The UK Offshore Operators’ Association has released a report saying that oil and gas production from North Sea wells will be around 10 percent lower in the next few years than had been estimated earlier. Costs are expected to go up as production output declines.
While experts estimate that there is still the equivalent of 16 billion to 25 billion barrels of oil and gas left in North Sea oil fields, and despite the fact that 2006 was said to be the best year for new finds there in the past five years, old wells are beginning to run dry and new wells are smaller than the older wells. Recent finds have only been averaging around 10 million barrels equivalent.
Production from the North Sea fields was down 9 percent in 2006 to 2.9 million barrels equivalent per day, well below the 4.5 million barrels equivalent per day peak in 1999. By 2010 production is expected to be down to 2.6 million barrels equivalent per day.

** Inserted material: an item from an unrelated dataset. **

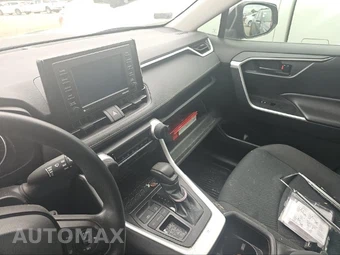 2022 Toyota RAV4 LE - miniatura 11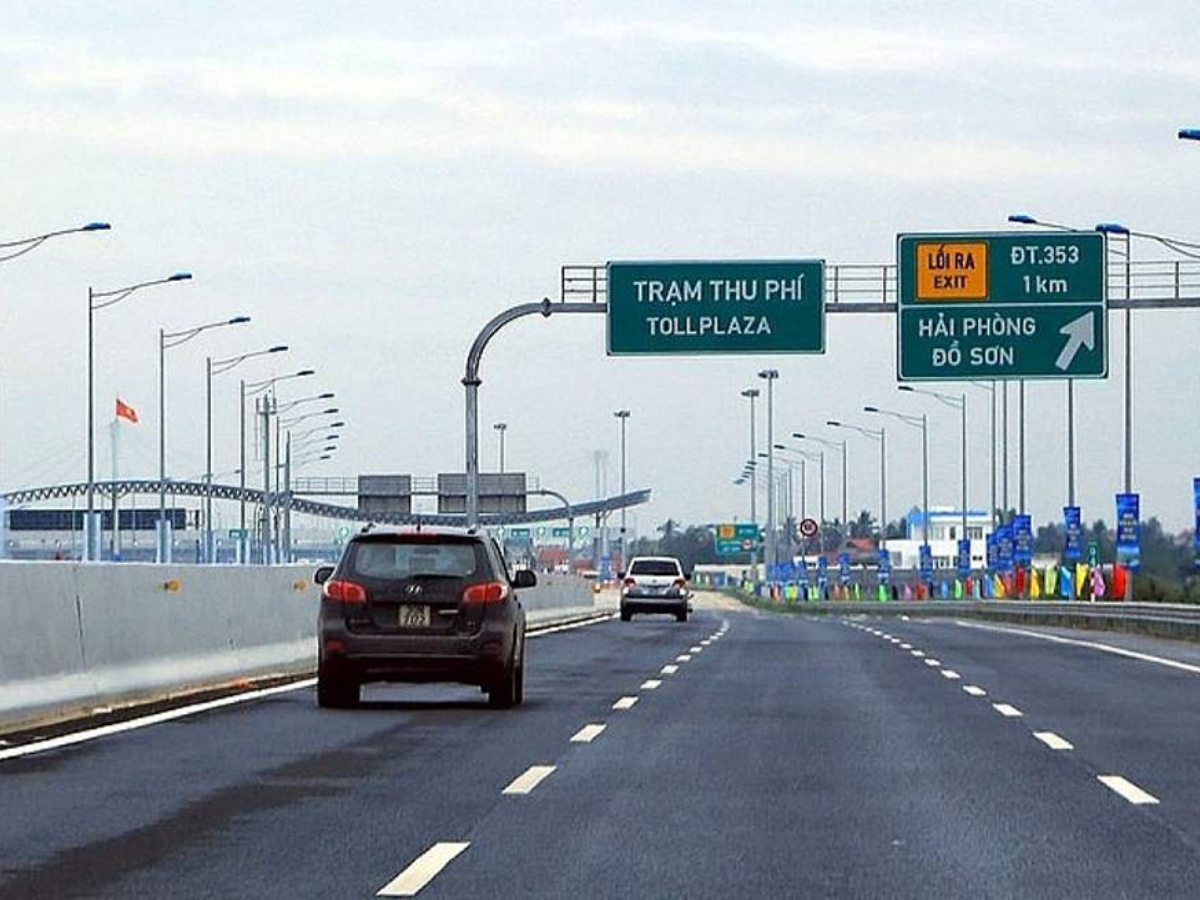 Chú ý các biển báo và lối ra cao tốc để tránh bị lạc đường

Meanwhile, capital investment was at £5.6 billion last year, the highest since 1998, but was due more to higher costs than more activity as the average cost of developing and operating a project was up by 45 percent to $22 per barrel equivalent extracted. Development and operating costs are expected to rise again in the next few years, to $25 per barrel equivalent extracted. One worry is that if prices for gas and oil continue a recent downward trend that requires oil companies to cut investments, the first place cuts will be made is where development costs are highest.